Our work with survivors varies depending on the needs of the survivor. Sometimes a survivor may only need a listening ear; other times it could be providing a survivor with a resource within the community; and other times it requires walking alongside that survivor while providing more in-depth and continued support. Regardless of the amount of needs a survivor has, we strive to meet the survivors where they are at and empower them in their own recovery. There’s an understanding and respect that survivors each have unique needs and may be in different phases of their recovery.
While working with survivors, we are also working very closely with multiple community organizations to help meet the needs each survivor has. Many of those needs have included food, clothing, construction, volunteers, debris removal, counseling, legal assistance, insurance and FEMA advocacy, household goods and appliances to name just a few. We’ve also witnessed those needs change as summer months led into colder months and the need to replace lost winter clothing came to surface. We have also worked with survivors who originally were actively recovering with the resources they had to only find they are in need of help with their insurance companies, or they were taken advantage of by hired contractors. This has brought survivors to us in need of community support of insurance advocacy, funds to address construction needs, and in some instances legal action for survivors to fully recover to as close to pre-tornado days as possible.
The biggest struggle has been, and continues to be, helping those in need of affordable housing.
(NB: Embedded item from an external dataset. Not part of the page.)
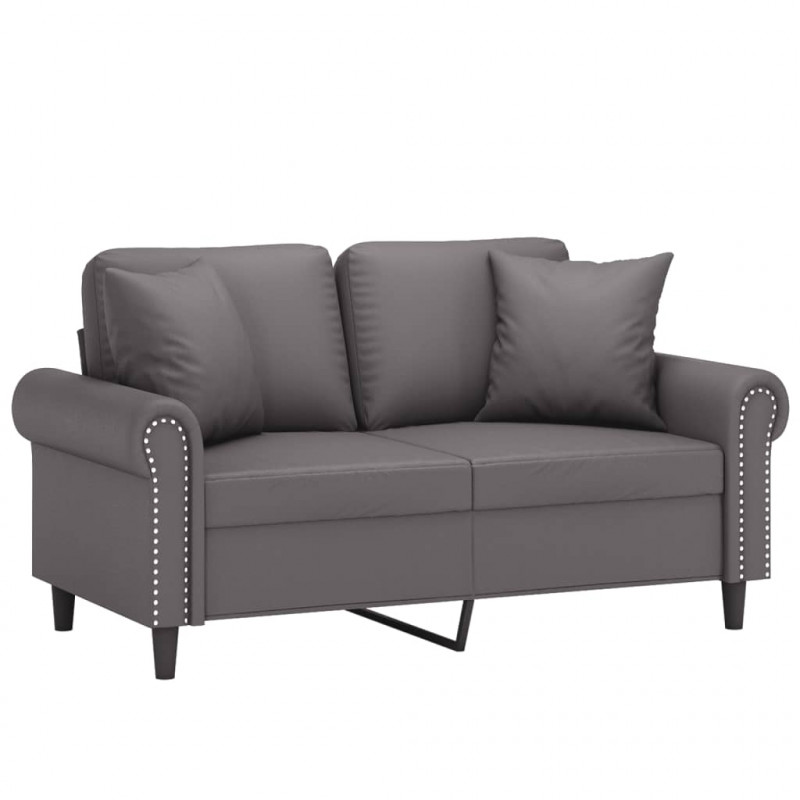 2-osobowa sofa z poduszkami, szara, 120 cm, sztuczna skóra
There are survivors who were living with friends and family members prior to the tornado. Those friends and family members then moved away from the area after the tornado, which then created situations of survivors going from being unhoused to homeless. Others lost their affordable housing to not be able to find rental options within their financial means. Others relied on having housing near a bus route to be able to get to work to only now not be able to find housing options near a bus route. “It has been a blessing to walk along survivors while working with community partners who are enthusiastically responsive in helping survivors and the community rebuild stronger than everyone was before. We are humbled by survivors’ extraordinary strength and recovery, while being a small part of a community serving those in need.
Tornado Recovery Connection
The Tornado Recovery Connection helpline (615-270-9255) provides tornado survivors with resources for immediate relief and helps identify those with long-term needs.
Administered by the TNUMC of UMCOR and in partnership with the Metropolitan Government of Nashville and Davidson County and Recover Wilson County, local agencies and community groups are coordinating efforts to address these needs and help our neighbors rebuild from the March tornadoes.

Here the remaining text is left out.